That’s not an idle reference. Our new car has a sensor that beeps with increasing urgency when the car decides that I am too close to whatever’s behind me. And the sensor is one nervous driver: It starts shrieking when I still have a good 3 feet of space left, and builds to a horrid crescendo just when I should be feeling victorious for having nailed a parking space between two hulking SUVs. Parallel parking ends up sounding like the shower scene in Alfred Hitchcock’s “Psycho.”

I used to pride myself on my parallel parking. Now the electronic voice of doubt chimes in before I’ve even cut the front wheel: “Be careful. I said, be careful. You’re not being careful enough. Oh, my god, you’re going to hit the car behind you!”

What else can’t we do by ourselves anymore?

We can’t lose weight, not even with the old-guard Weight Watchers. Oh no, we need someone to deliver slimming prepackaged meals and snacks, as though we have lost the ability to distinguish between rocky road ice cream and a stalk of celery.

The hip among us can’t seem to make their own espresso in the morning. The latest gadget on the home-brew scene is a machine that uses prepackaged, sealed pods of ground coffee -- to spare us the arduous task of pouring some beans into a grinder and pushing a button.

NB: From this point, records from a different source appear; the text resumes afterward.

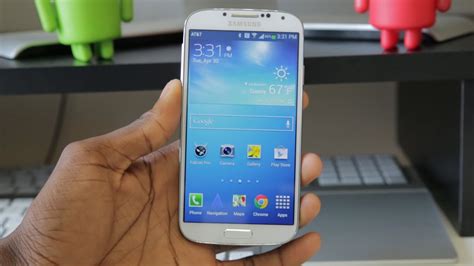 We've already discussed in this review that crypto.com takes security and safety seriously. Samsung Galaxy S4 Review! - YouTube
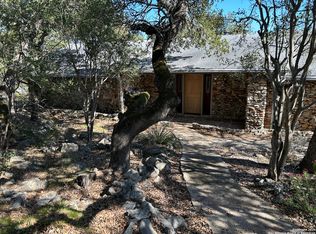 180 Fox Rdg, Canyon Lake, TX 78133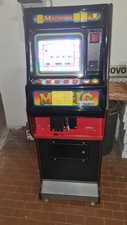 Cabinato prontoscheda jamma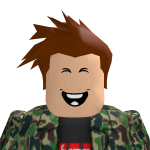 @JesseGamingBear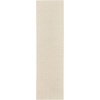 image:imageNourison Home Washable Charm Beige Ivory 2 x 3 Area Rug  Easy Clean Non Shedding Bed Room Living Room Dining Room Kitchen 2 x 3Ivory
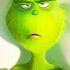 The Grinch You Re A Mean One Dr Seuss The Grinch Compilation Adventure Play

And heaven knows, we can no longer take our children to college for their freshman year on our own. That escapade used to call for a box of Kleenex and a temporary obsession with shelving and a good desk lamp. Now universities offer separation workshops for parents who haven’t figured out that it’s a bad idea to spend the first week of classes camped out in their child’s dormitory lobby.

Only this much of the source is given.